| Task description |
Restate the listing below word for word, and leave its pictures behind.

| Input data |
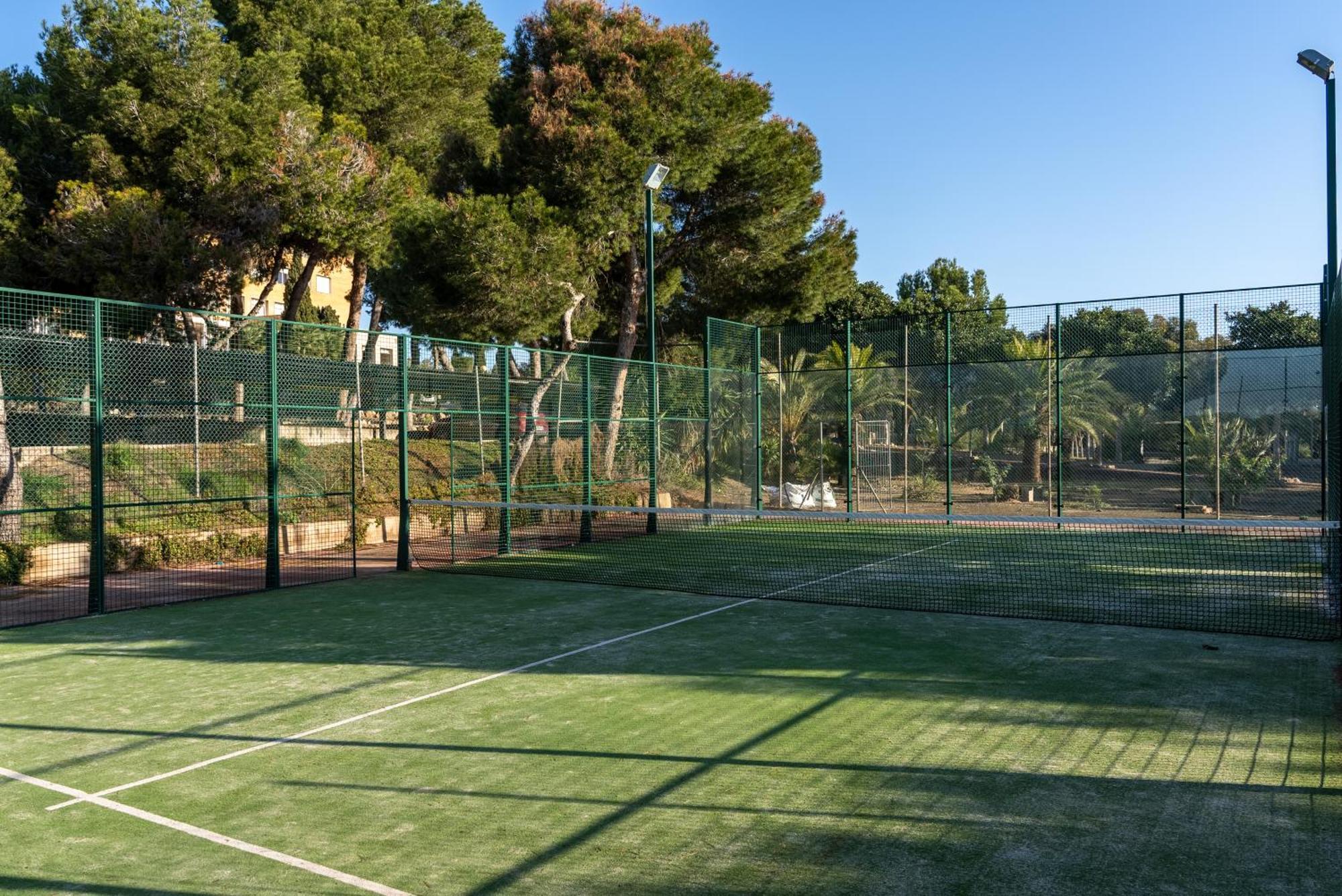 Costablanca Explore Hostel Sports & Events La Mariña Kültér fotó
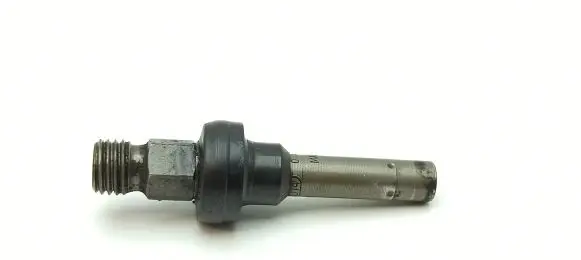 Mercedes-Benz S W116 Fuel injector 0437502010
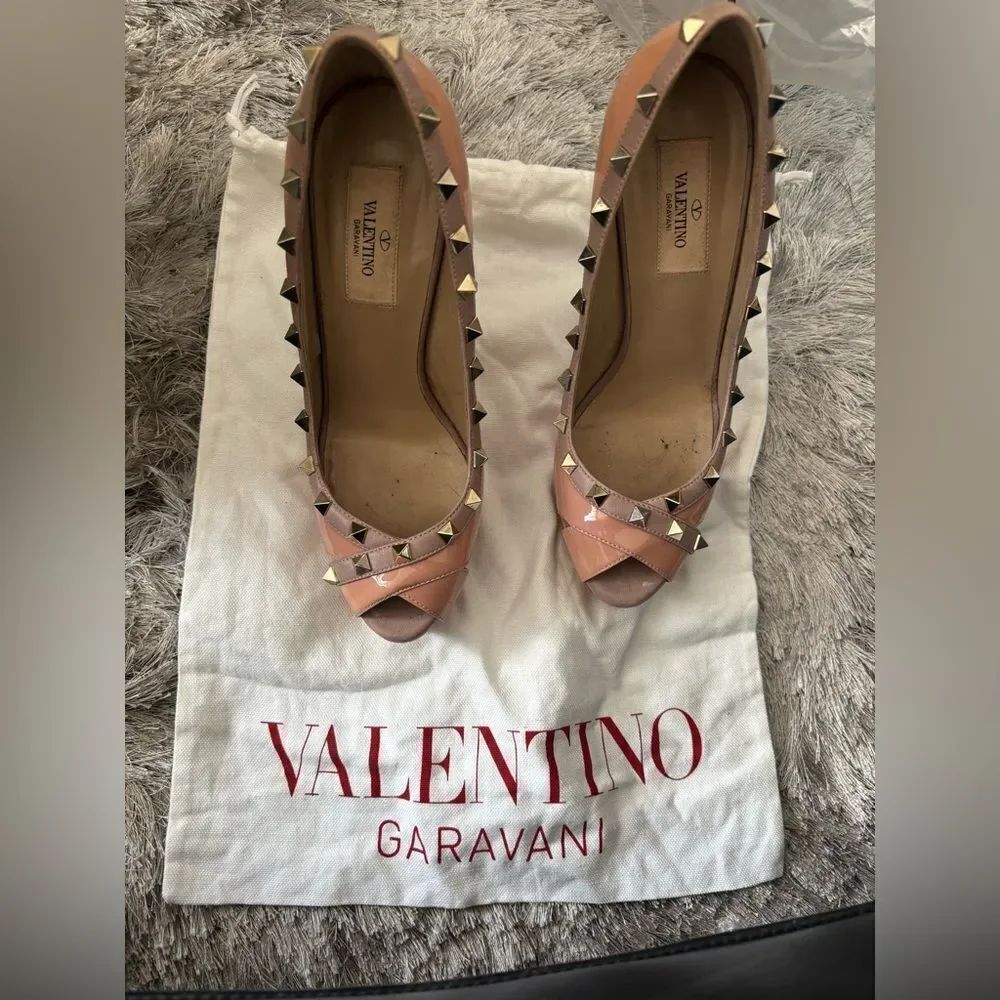 Valentino logo stud open toe shoes baby doll pump Rockstud Platform heels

| Answer section |
 Costablanca Explore Hostel Sports & Events La Mariña Kültér fotó
 Mercedes-Benz S W116 Fuel injector 0437502010
 Valentino logo stud open toe shoes baby doll pump Rockstud Platform heels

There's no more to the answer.